Summary: Some documents which do not contain any of my search terms are being returned, sometimes even at the top of my search results.
Cause: The query term exists in:
- Anchor text (href link text): In this situation you may find you have many documents linking to a particular page with anchor text containing your query terms. Anchor text gives a page a high relevancy regardless of whether the same text exists in the content of the document.
- Metadata: If you have metadata in your pages either via metadata tags or external metadata this will also be indexed, even if your query terms do not exist in the content these documents will still be returned.
To determine if your anchor text is the cause:
- Navigate to crawl diagnostics on the Admin Console, under Google Search Appliance > Status And Reports > Crawl Diagnostics.
- Enter the URL in the URLs starting with field.
- Click on the View list of all crawled pages that link to this page.

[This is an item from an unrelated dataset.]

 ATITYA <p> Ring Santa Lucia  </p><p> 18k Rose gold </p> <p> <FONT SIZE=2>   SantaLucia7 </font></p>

- Look through these results to find the link and its anchor text which caused the issue.
To determine if metadata is causing the issue, view search results as XML with the metadata. To do this, rerun the search query but make these changes to the search URL:
- Remove the "proxystylesheet” paramter and its argument.

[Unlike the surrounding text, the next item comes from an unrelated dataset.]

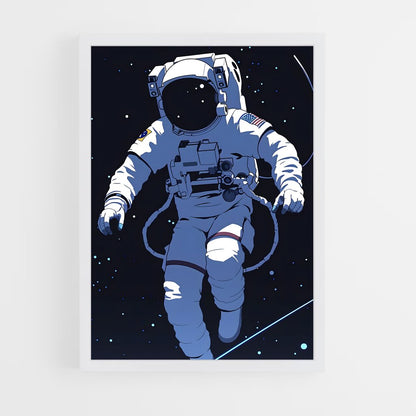 ap-astronaut-12 cadre Blanc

- Add the &getfields=* parameter.
This will show you the metadata associated with the URL.
Fix: Anchor text relevancy is non configurable and as such there is no way to "fix" the issue as it is intended behavior. A better option is to note if the anchor text is actually relevant to the content that it is linking to and alter your content/anchor accordingly.
Additional Details: See the XML reference for information on modifying the search URL parameters.